Published 02/28/2024, 04:05 PM
Updated 02/28/2024, 04:12 PM
© Reuters. FILE PHOTO: Houses are seen under construction in a neighbourhood of Ottawa, Ontario, Canada April 17, 2023.  REUTERS/Lars Hagberg/File Photo

By Indradip Ghosh

BENGALURU (Reuters) - Home prices in Canada are forecast to gain a bit this year and rise further in 2025 on relentless demand for housing amid scant new supply and prospects for interest rate cuts later in 2024, according to a Reuters poll of experts.

The outlook has stayed broadly unchanged since the last survey in November, despite market expectations that the first rate cuts from most major central banks, including the Bank of Canada (BoC), will come later than estimated a few months ago.

After surging more than 50% during the COVID-19 pandemic thanks to near-zero interest rates and a panic rush by existing homeowners to find more space, Canadian home prices have fallen about 14% from an early 2022 peak, including a brief period when they rose again.

That decline, despite a chronic shortage of homes, was due to weaker demand as higher mortgage rates and prohibitively expensive prices excluded many potential home buyers from entering the property market.

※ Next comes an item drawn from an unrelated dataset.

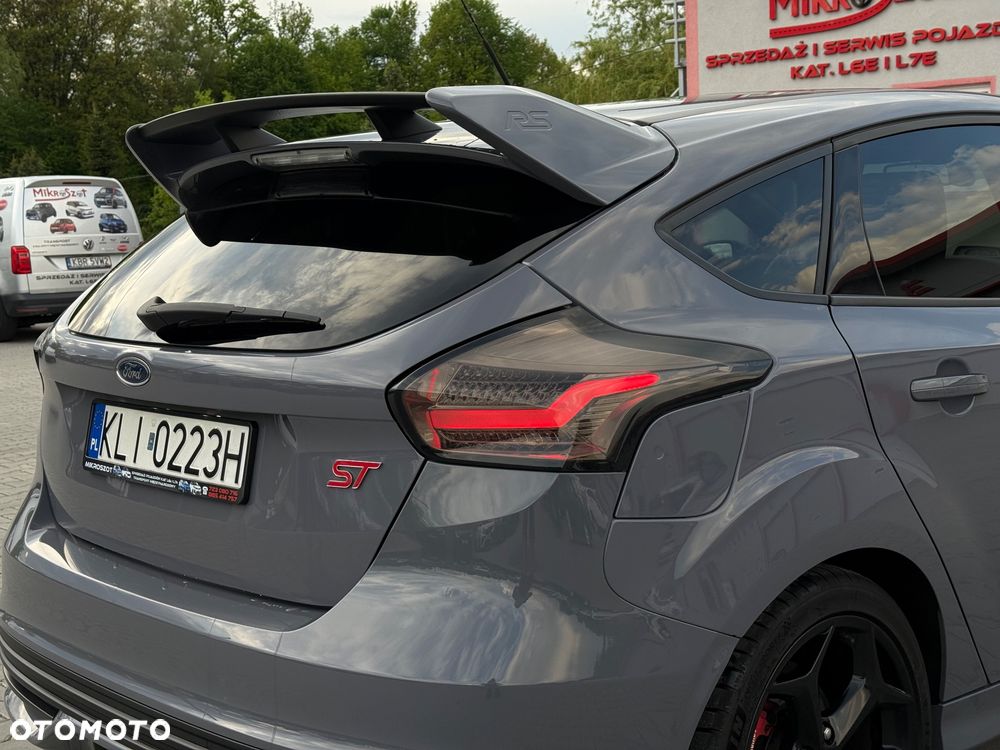 Ford Focus 2.0 EcoBoost ST - 8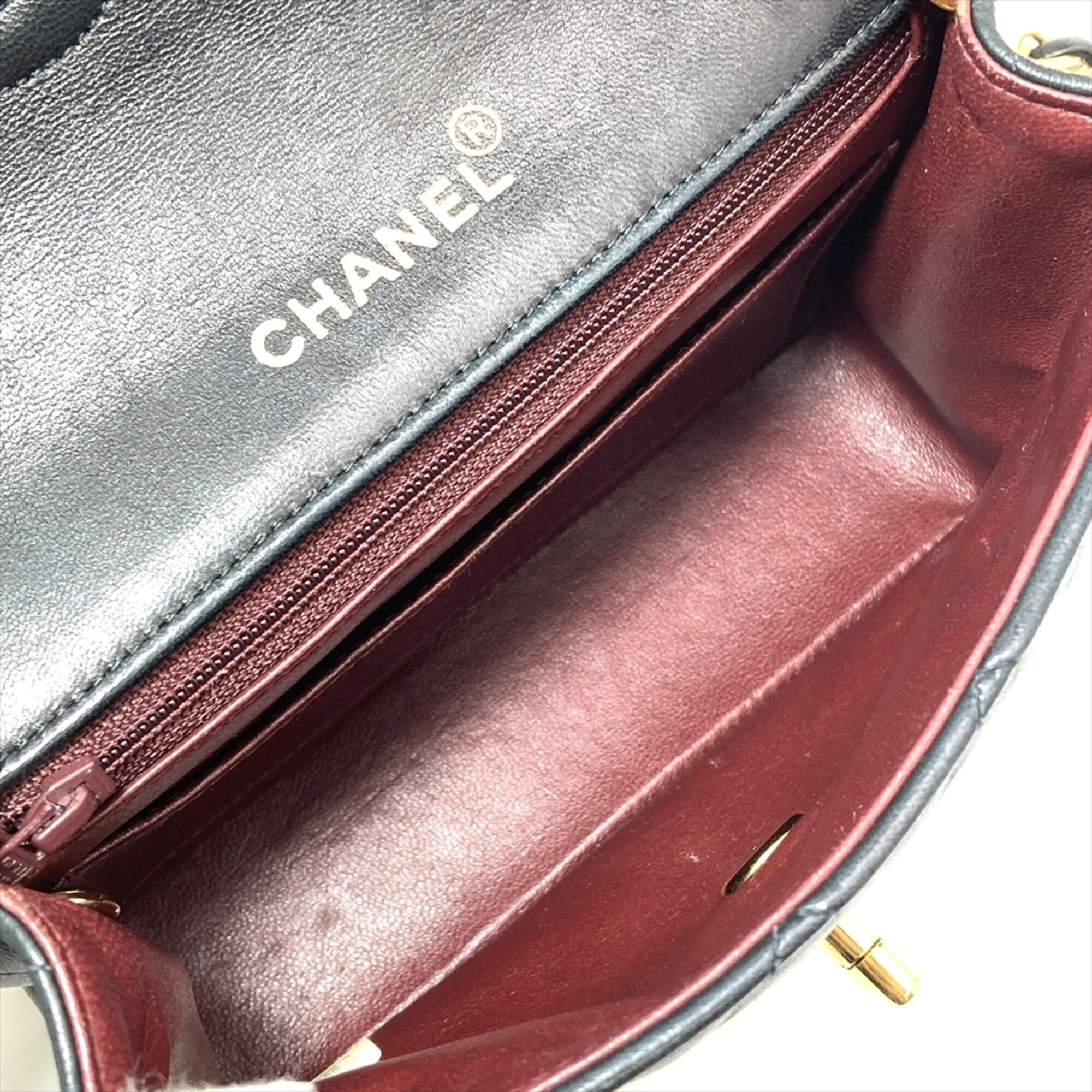 Chanel Black Leather Shoulder Bag (Pre-Owned)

Mortgage rates have fallen slightly over the past few months on expectations the BoC will begin to cut rates this year after an aggressive series of hikes that took the policy rate from the near-zero level in March 2022 to the current 5.0% in July 2023.

That, along with a modest drop in home prices from the pandemic peak, has encouraged some buyers to re-enter the market.

Average Canadian home prices were expected to rise 1.2% this year after declining 5.5% last year, and climb another 3.3% in 2025, the Feb. 15-28 poll of 17 analysts showed.

"This winter's renewed market vigor is making it a more competitive environment for buyers ... we think a pivot towards rate cuts mid-year will get the wheels turning faster over the second half, perhaps even sooner," wrote Robert Hogue, assistant chief economist at RBC.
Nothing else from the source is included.